In many regards industry performance and industry attitude have never meshed. One would think an industry which had shrunk by 80% would go into bodies they were soliciting for help with hat-in-hand. Instead, bolstered by the industry shibboleth of “America’s Most Affordable Housing Form,” demands were more common than requests. That operating form continues to this day! I call it Pit Bull lobbying.

My proudest moment was in October, 2004, when my peers at the MHI Financial Services Division awarded me the Totaro Award of outstandinglifetime achievement to the division and industry. An award of this type makes one feel that all those meetings, flights, conferences and commuters, time consuming and personally expensive as they are, did not go unnoticed.

              

2) MHProNews: Tell us what you think the outlook is for us on the legislative or lobbying fronts on initiatives to modify regulations with the CFPB (Consumer Financial Protection Bureau) in Washington DC and why.

Marty Lavin:

One must look at the world as it is, not as one wishes it to be. Since the enactment of the Patriot Act in this nation, government found that they could pass very onerous and controlling laws, with relatively muted public outcry.
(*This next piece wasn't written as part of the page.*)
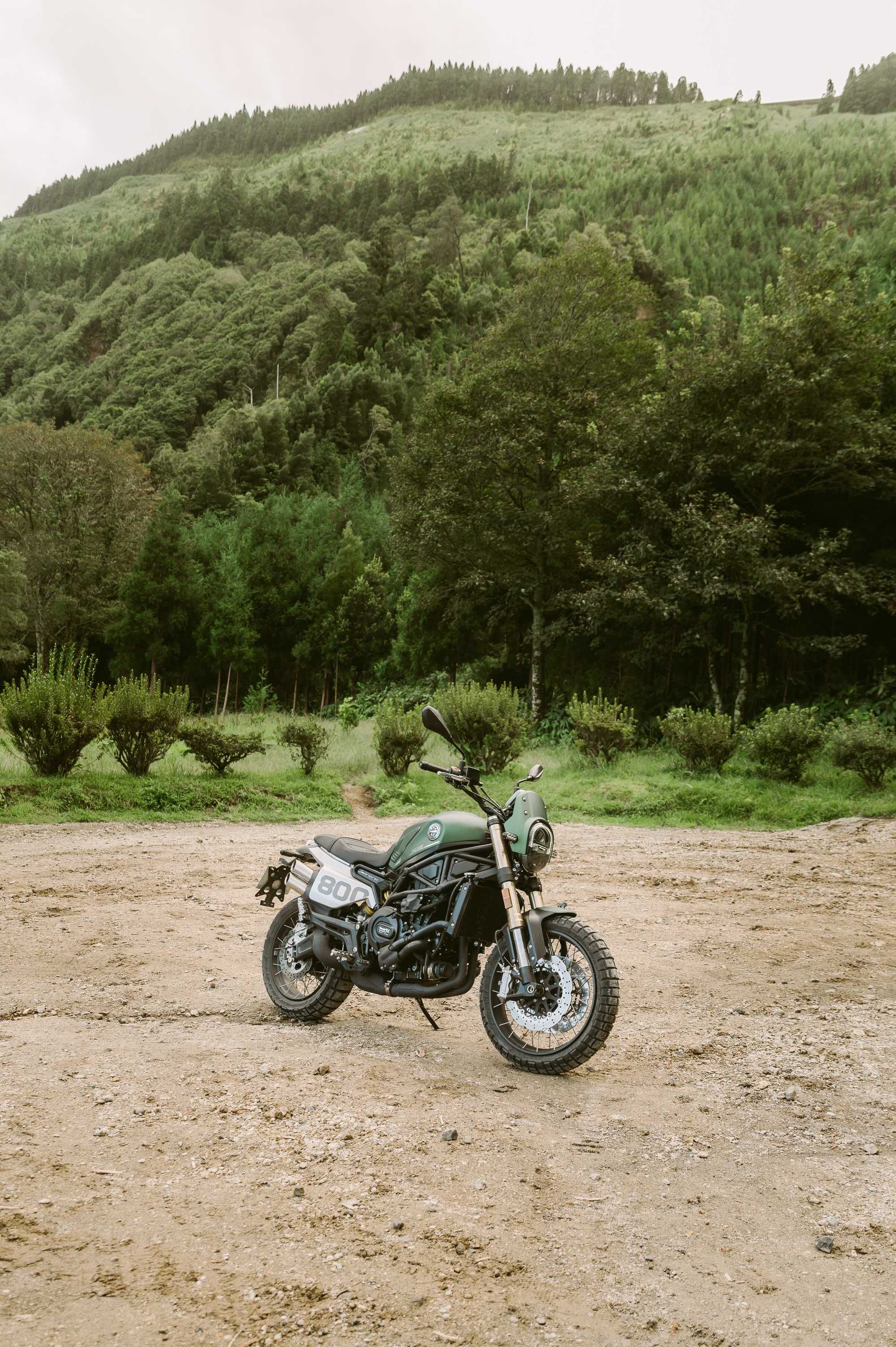 Benelli 800 Trail, ano 2023 Esta excelente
In fact, the general public mood was that we wanted to be regulated. “Me, I’m ok and can be trusted, but that guy over there, let’s put him in regulatory shackles,” seemed to be the prevailing attitude.
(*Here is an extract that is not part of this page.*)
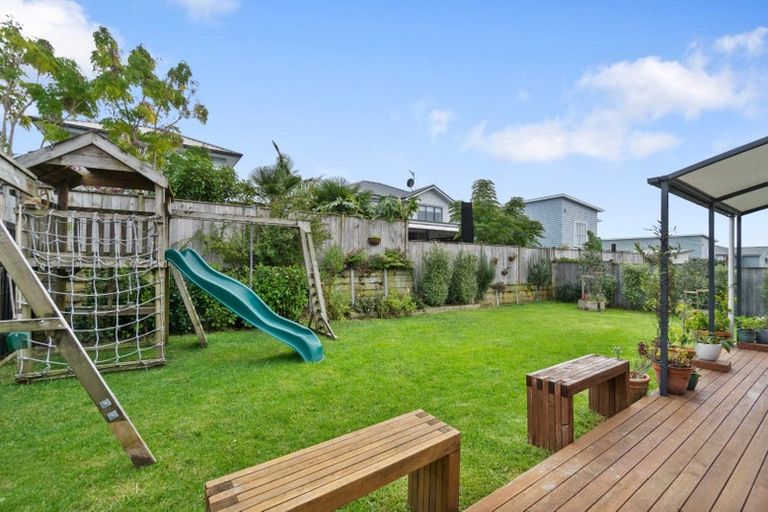 Photo of property in 16 Onekura Street, Red Beach, 0932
An onslaught of rules and regulation ensued (Osama, you won, pal!). Many of them came as a response to the 2008 financial crisis, leading to an endless array of rules, regulations and laws. Nothing was left to chance. Endless government employees were hired to man all fronts. People not wanting to sit around in their government office with nothing to do, wrote their hearts out with rules and regulations. This necessitated a whole new group of people to enforce the laws, to make sure knuckles were broken for transgressors. Dodd-Frank and the Alphabet Laws ensued, and who knows what else (ObamaCare).

And what industries were targeted?

Well, all those mortgage lenders who had caused or appeared to cause the 2008 fracas. One would think the manner in which our industry had responded to being entangled by the regulation was that was they had “clean hands.” The industry acted as though they had not caused any of the lending problems which brought the regulations. Forget that from 1999 until 2005 or thereabouts, millions of MH homeowners lost their homes to the depredations of our sellers and industry lenders and the highly flawed portfolios they originated. “But we gave them a chance for home ownership,” was the industry refrain. Some chance, when portfolios were originated with well over 50% defaults.
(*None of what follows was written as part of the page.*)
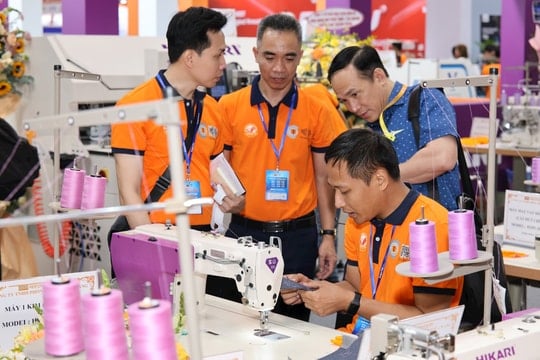 Ngành dệt may trước “bước ngoặt kép”: Áp lực toàn cầu và lời giải từ công nghệ, xanh hóa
This led to many problems for the lenders, but the primary losers for those bad portfolios were the homeowners, and the investors who bought the portfolios, just as occurred in the 2008 mortgage disaster. In the MH 1999-2005 loan meltdown the plight of homeowners with lost homes, lost jobs, divorces, financial problems, moves for other housing and the emotional distress it caused seemed unreported and without concern by anyone. But did it escape the gaze of the regulators?

When these things occurred in the real estate lending meltdown of 2008, the scope was so great and consequences so extreme, that homeowner plight did not go unnoticed. To the contrary, many undeserving homeowners were given breaks they did not deserve. Little of that occurred in the MH debacle.

The CFPB arose from that wellspring; Chattel loan shenanigans led to homeowner/borrower consequences essentially identical to the mortgage mess, so why treat them differently? To say nothing of the industry reputation for loan fraud, and dealing with many financially fragile people who were not viewed as able to protect themselves.

Don’t misunderstand my drift; I’m simply reporting what I see as the motivation for the formation of the CFPB, and by extension, the prospects for any serious changes in their rules and regulations.

Were I sitting across the table from industry lobbyists, in the back of my mind is the knowledge that exempting the MH industry from these rules is loosening the grip on an industry who hasn’t acted as though their past lending was fair to the consumer.

Yes, as the industry claims, a few more homes might be sold if rules were relaxed, but the CFPB rules and regs do not by themselves stop a 580 FICO buyer from getting financed. That’s a self-sustaining process by industry lenders for the moment. But it might protect the 660 on up FICO MH buyer from some of the known operating defects from which the industry has suffered. That’s the thinking the industry faces in seeking changes.

So, what do I think the industry lobbying efforts will gain as to the CFPB? I seriously doubt that any meaningful loosening of regulations will occur as making the case for it is not easy. At best, a few more homes could be sold and financed to responsible buyers, but regulators do not see loosening regulations which simply allow people at the bottom to “buy” more MH, and suffer a high loss of homes. And that is what the industry seeks, at its heart. My advice, onerous as the regulations are, learn to live with them and take advantage of a new competitive factor introduced by CFPB. Master the requirements and get a leg up on those who will not, of whom there appears to be many.

3) MHProNews: What is your impression of the working relationship between various industry associations, HUD and the DOE?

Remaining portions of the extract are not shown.